Activity:
Only one span is wanted from the lines below: from the one with "KTV Entertainment Board" up to and including the one with "I-blason Ares for". Copy it exactly, without images.

── Extracted information ──

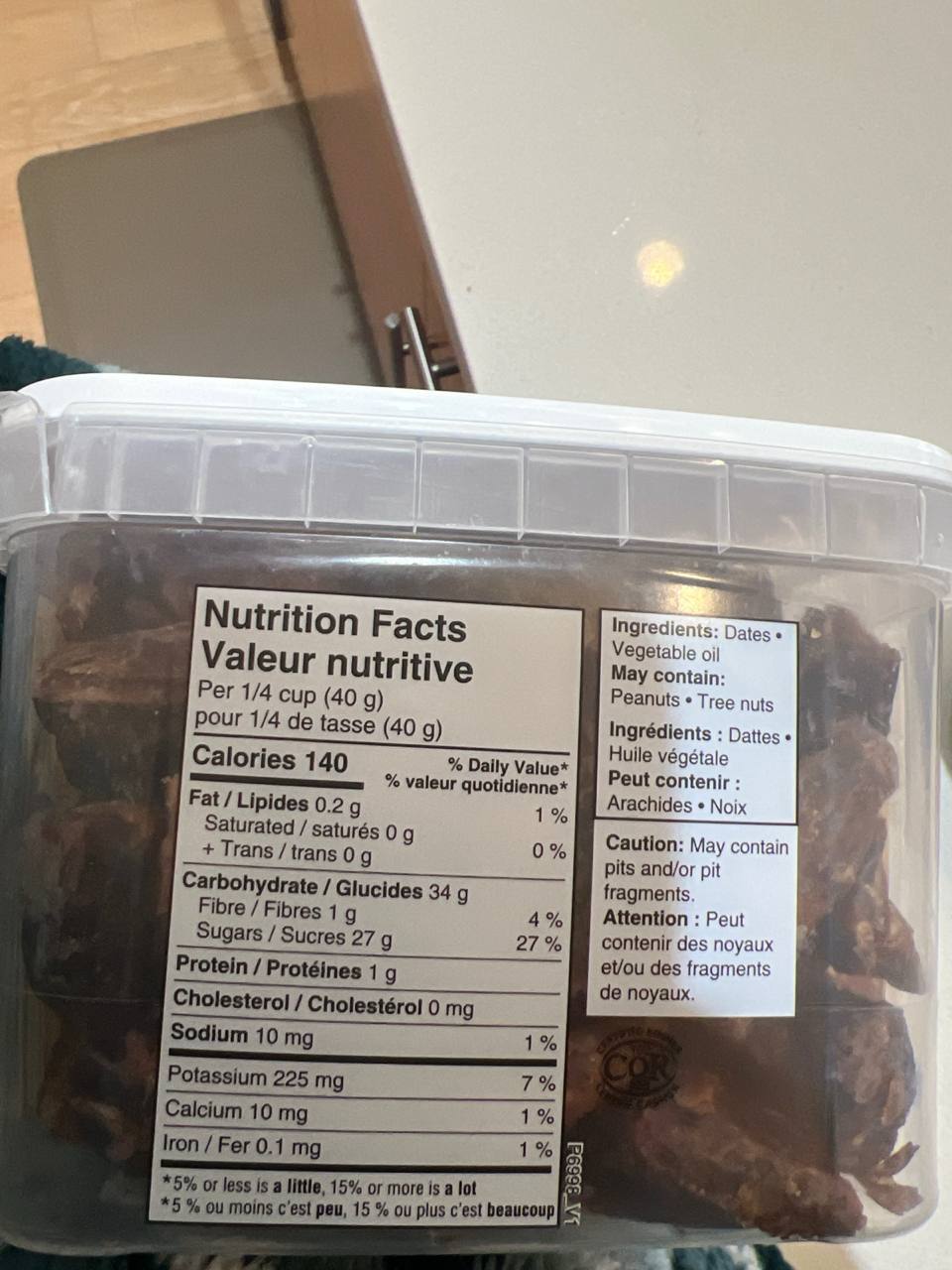 dates label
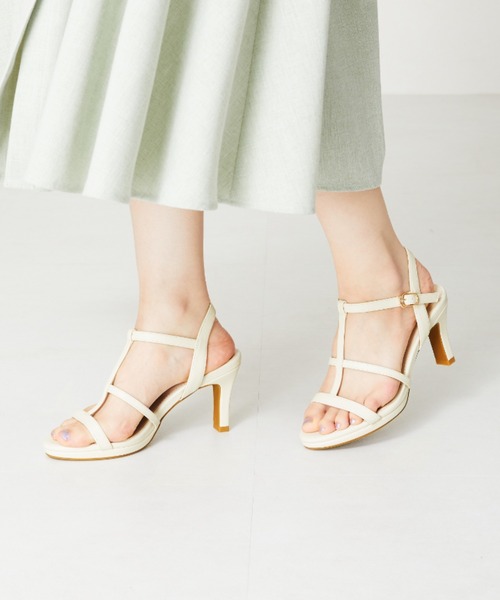 ボーンストラッププラットフォームサンダル/41206（サンダル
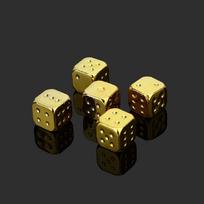 KTV Entertainment Board Games Family Party Square Point Dice Game Toys 6 Sided Dice Metal Dice auksas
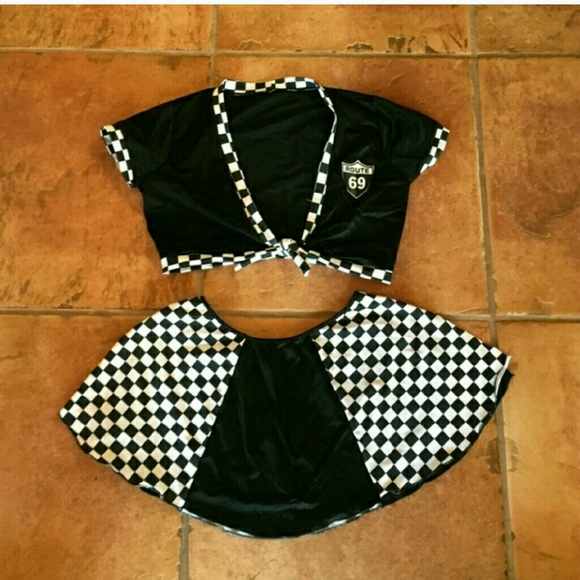 Sexy Race Girl Halloween Costume!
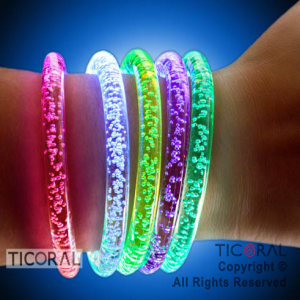 PULSERA LUMINOSA ACRILICA COLORES SURTIDOS x 40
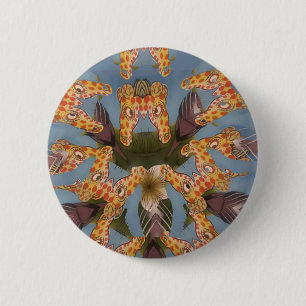 Kaleidoscope Giraffe Mandala: Abstrakt Safari Art Knapp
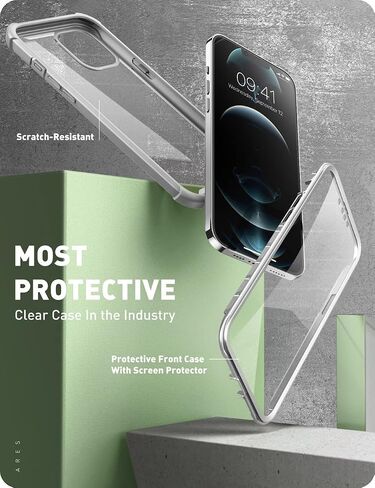 I-blason Ares for iPhone 13 Pro Max Case 6.7 Inch [واقي الشاشة المدمج] [حماية من الدرجة العسكرية] حالة هاتف واضحة للهاتف واضحة عن الصدمات في iPhone 13 Pro Max (Alpine Green) in Kuwait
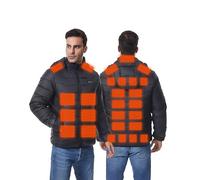 Monave Heated Jacket Men Women 27 Heating Pads 3 Temperature Levels Intelligent button control for Outdoor Workers, Christmas Gifts, Birthday Gifts, Outdoor Sports and Fishing,Excluding Power Bank
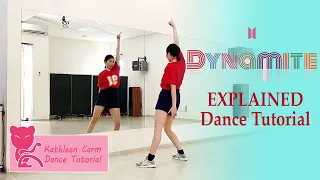 BTS - 'Dynamite' Dance Tutorial | Explanation & Mirrored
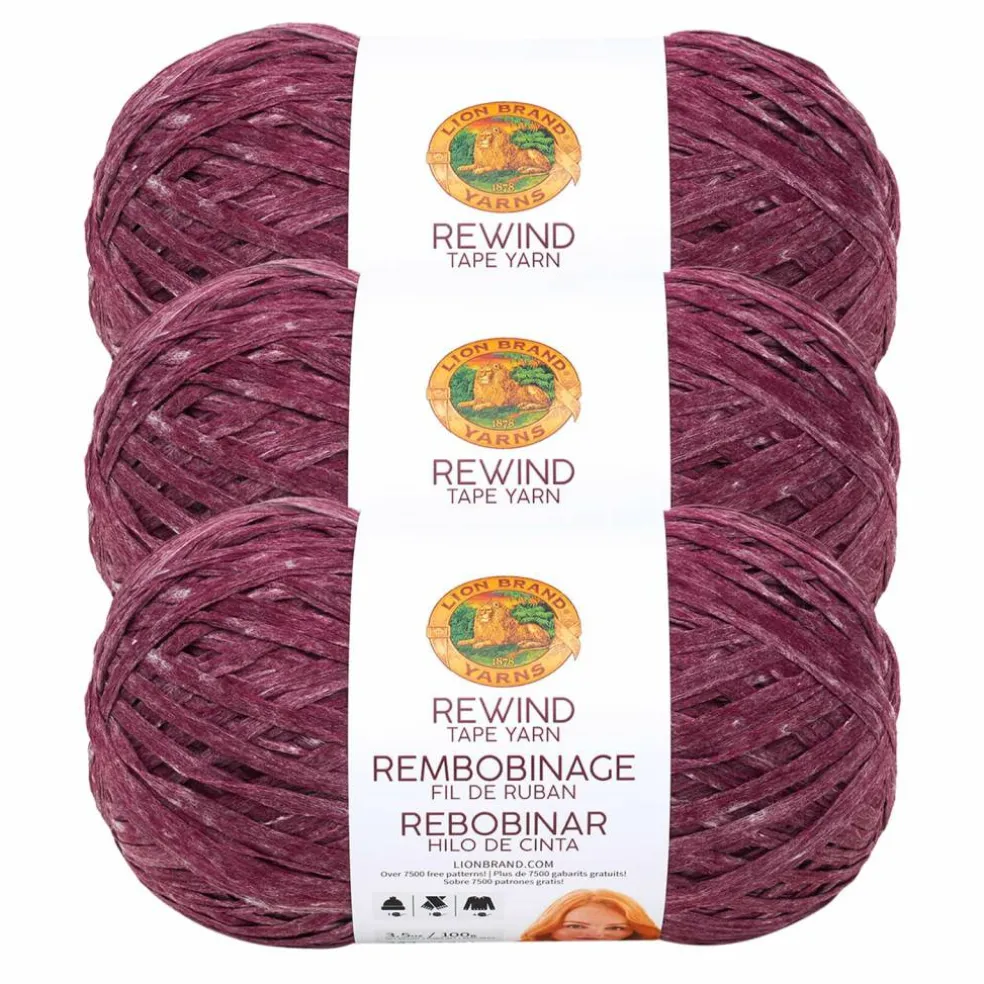 3 Pack Lion Brand® Rewind™ Tape Yarn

───

Final answer:
 KTV Entertainment Board Games Family Party Square Point Dice Game Toys 6 Sided Dice Metal Dice auksas
 Sexy Race Girl Halloween Costume!
 PULSERA LUMINOSA ACRILICA COLORES SURTIDOS x 40
 Kaleidoscope Giraffe Mandala: Abstrakt Safari Art Knapp
 I-blason Ares for iPhone 13 Pro Max Case 6.7 Inch [واقي الشاشة المدمج] [حماية من الدرجة العسكرية] حالة هاتف واضحة للهاتف واضحة عن الصدمات في iPhone 13 Pro Max (Alpine Green) in Kuwait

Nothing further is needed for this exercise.